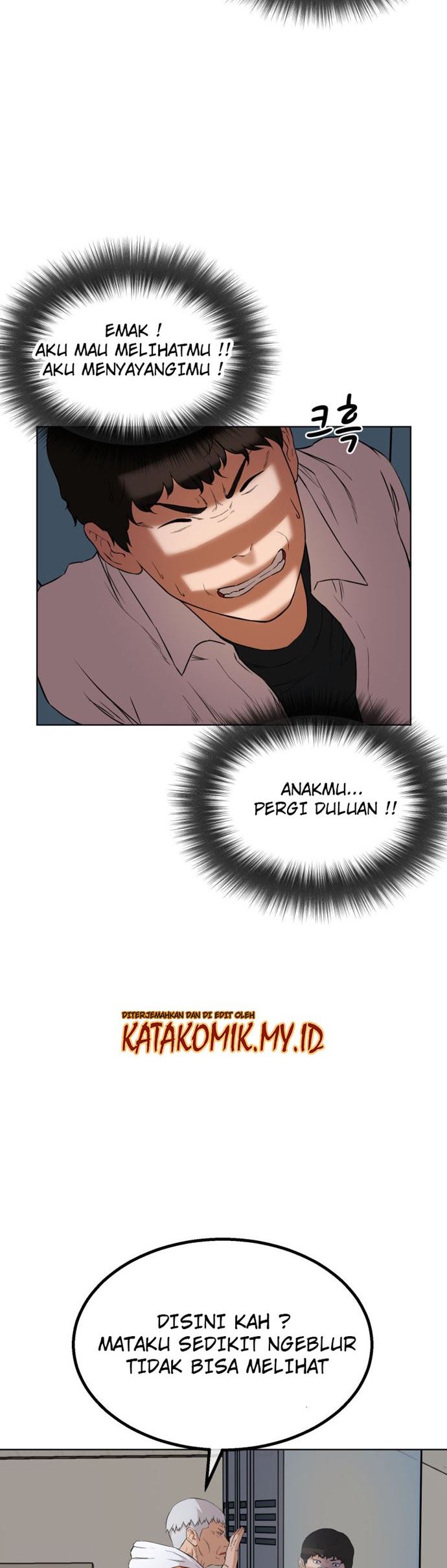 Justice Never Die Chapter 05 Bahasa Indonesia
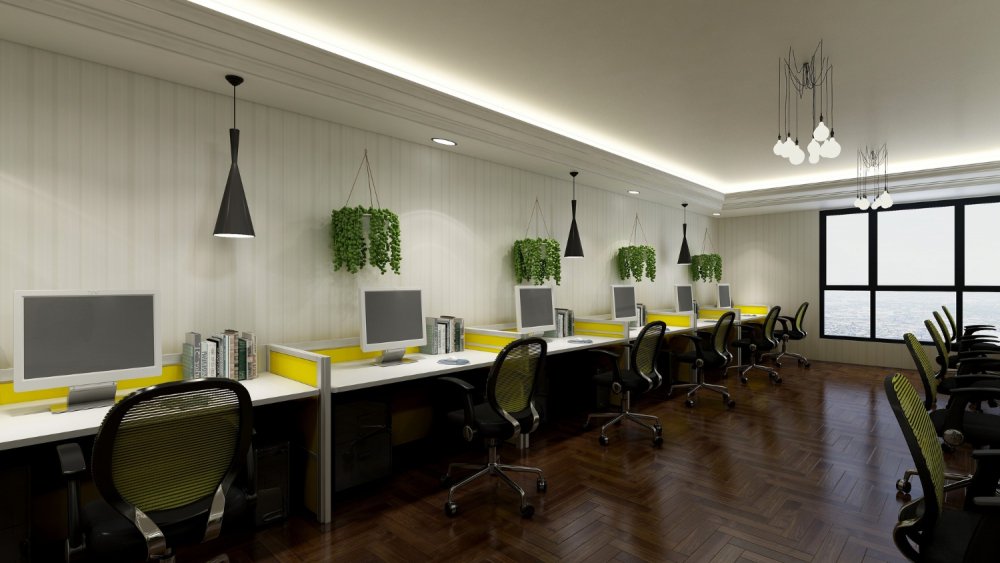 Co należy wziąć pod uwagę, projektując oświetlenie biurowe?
--
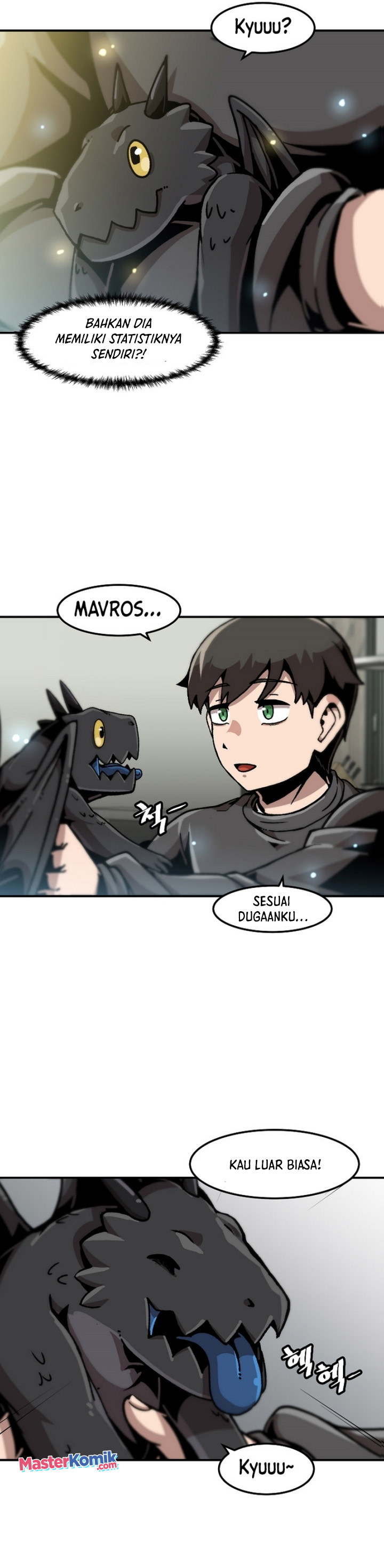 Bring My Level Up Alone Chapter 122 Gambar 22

▶ **Your goal**
In the records above, find the line with "Justice Never Die" and the line with "Co należy wziąć"; please transcribe exactly those two lines and all lines between them, omitting any picture.

▶ **Answer for the task**
 Justice Never Die Chapter 05 Bahasa Indonesia
 Co należy wziąć pod uwagę, projektując oświetlenie biurowe?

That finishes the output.